Word for word, output every line of the material below, minus pictures.
== PROVIDED MATERIAL ==
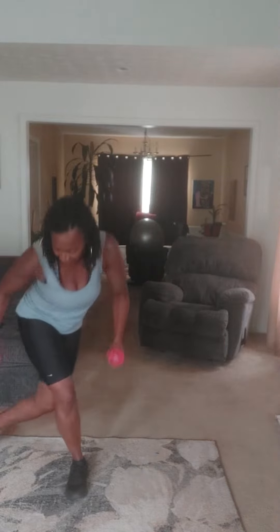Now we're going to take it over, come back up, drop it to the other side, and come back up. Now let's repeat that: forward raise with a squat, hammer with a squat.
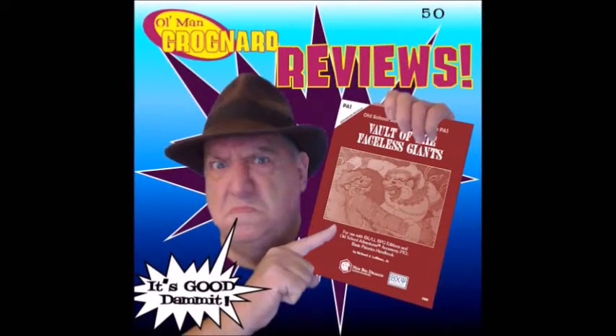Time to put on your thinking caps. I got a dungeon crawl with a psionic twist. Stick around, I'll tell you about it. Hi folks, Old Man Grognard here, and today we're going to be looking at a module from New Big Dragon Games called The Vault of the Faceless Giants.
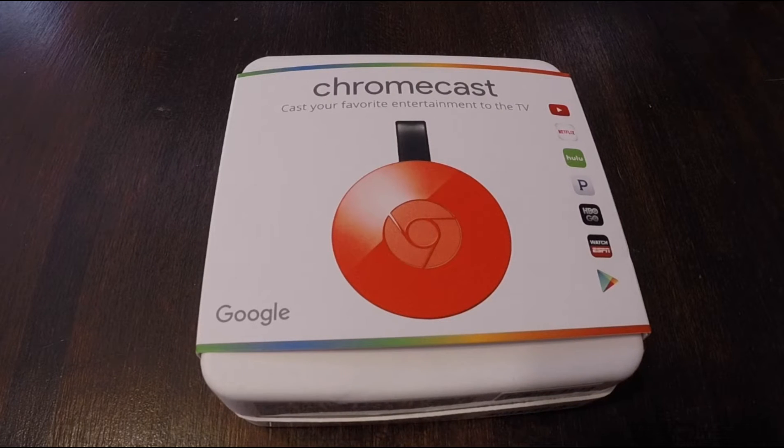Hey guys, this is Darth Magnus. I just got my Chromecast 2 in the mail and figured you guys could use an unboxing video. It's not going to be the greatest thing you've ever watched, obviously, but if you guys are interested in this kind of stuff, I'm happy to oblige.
===
■ EXERCISE OUTPUT
Now we're going to take it over, come back up, drop it to the other side, and come back up. Now let's repeat that: forward raise with a squat, hammer with a squat.
Time to put on your thinking caps. I got a dungeon crawl with a psionic twist. Stick around, I'll tell you about it. Hi folks, Old Man Grognard here, and today we're going to be looking at a module from New Big Dragon Games called The Vault of the Faceless Giants.
Hey guys, this is Darth Magnus. I just got my Chromecast 2 in the mail and figured you guys could use an unboxing video. It's not going to be the greatest thing you've ever watched, obviously, but if you guys are interested in this kind of stuff, I'm happy to oblige.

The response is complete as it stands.